I'm hoping to try and replicate some of the surfaces in GH at some point. The algorithm I used was Dynamic Relaxation with Kinetric Damping. The great thing about DR and kinetic damping is that it is able to find numerical solutions where ordinary solvers would fail where the displacements, change in geometry during relaxation, are simply too high. This applies to traditional numerical solvers which use a "Stiffness matrix" approach. You can see from the images in my gallery that the surfaces are as far away as possible from a minimal surface, even so, DR is rigorous enough to find the form of these minimal surfaces as they deform massively. There are already a lot of minimal surface solvers out there in Rhino/GH which I am sure can do as good a job. It would be cool if someone could do a verification test on some of the surfaces produced to check the accuracy.
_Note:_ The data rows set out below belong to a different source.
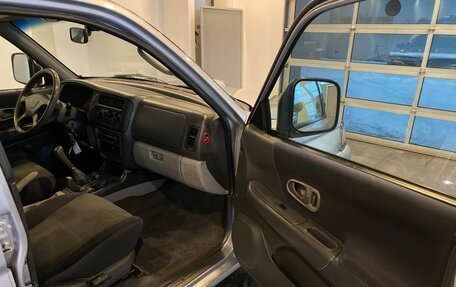 Mitsubishi Pajero Sport II рестайлинг, 2004 год, 599 000 рублей, 26 фотография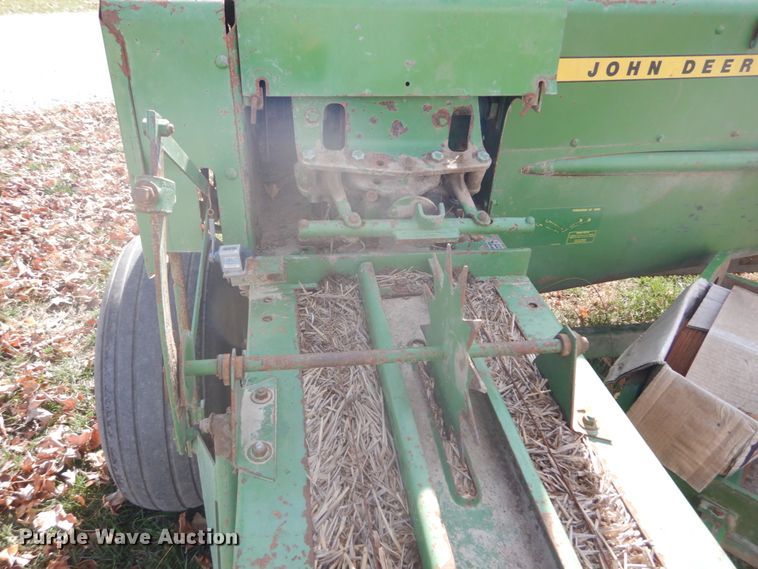 image for item DI1045 1974 John Deere 336  small square baler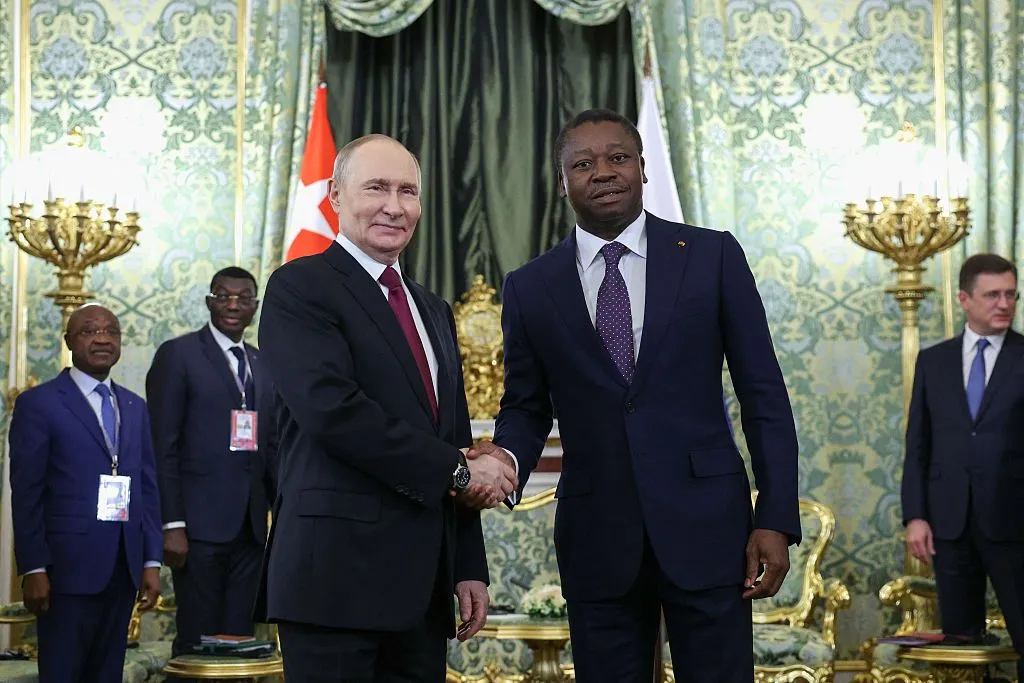 Neither Russia nor France: One West African country walks a diplomatic tightrope Neither Russia nor France: One West African country walks a diplomatic tightrope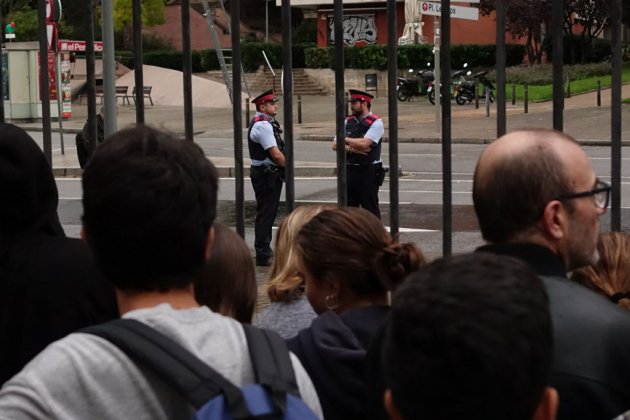 Mossos vigilant Institut Joan Brossa Roberto Lázaro 02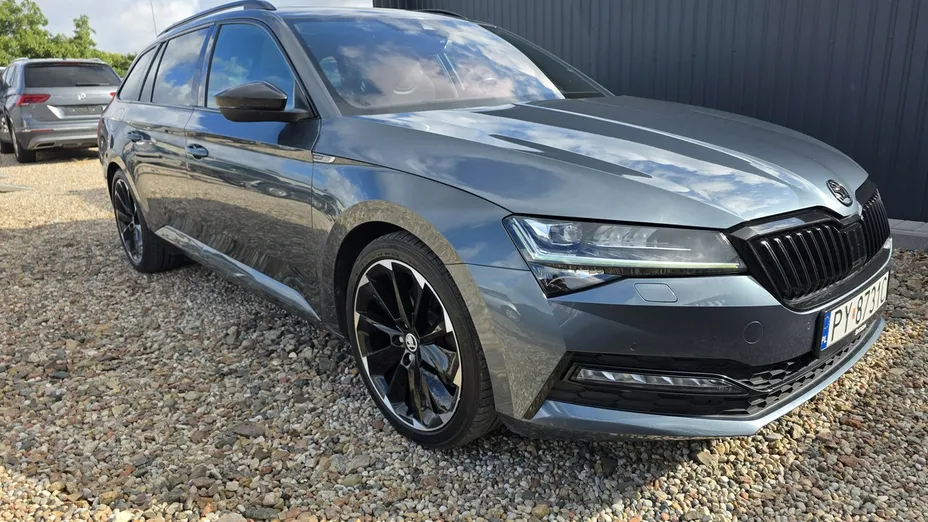 SKODA Superb -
Simple verifications would be a catenoid - increasing the height should cause the soap film (minimal surface) to become unstable and break at a mathematically known height. Another example is to use the box example - see my gallery. The location of the midpoint of the minimal surface should be exactly at mid height and the radii of curvature in the opposing directions should be exactly equal to one another. The only other way to prove a minimal surface exists is to do soap film tests. If you are interested at looking at benchmarks let me know and I can send you soem more info.
I would really appreciate your time,..
Thanks a lot,...